(Stored dataset items)

---------------

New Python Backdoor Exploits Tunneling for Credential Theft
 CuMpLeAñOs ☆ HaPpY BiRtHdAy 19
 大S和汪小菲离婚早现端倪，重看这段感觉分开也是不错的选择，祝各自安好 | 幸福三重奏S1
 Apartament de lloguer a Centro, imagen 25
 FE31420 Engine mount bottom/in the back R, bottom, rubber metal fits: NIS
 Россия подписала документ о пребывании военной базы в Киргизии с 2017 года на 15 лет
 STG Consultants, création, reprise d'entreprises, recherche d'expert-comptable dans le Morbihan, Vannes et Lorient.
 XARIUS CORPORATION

---------------

In full and word for word, write out the data above.

### WRITTEN RESPONSE
New Python Backdoor Exploits Tunneling for Credential Theft
 CuMpLeAñOs ☆ HaPpY BiRtHdAy 19
 大S和汪小菲离婚早现端倪，重看这段感觉分开也是不错的选择，祝各自安好 | 幸福三重奏S1
 Apartament de lloguer a Centro, imagen 25
 FE31420 Engine mount bottom/in the back R, bottom, rubber metal fits: NIS
 Россия подписала документ о пребывании военной базы в Киргизии с 2017 года на 15 лет
 STG Consultants, création, reprise d'entreprises, recherche d'expert-comptable dans le Morbihan, Vannes et Lorient.
 XARIUS CORPORATION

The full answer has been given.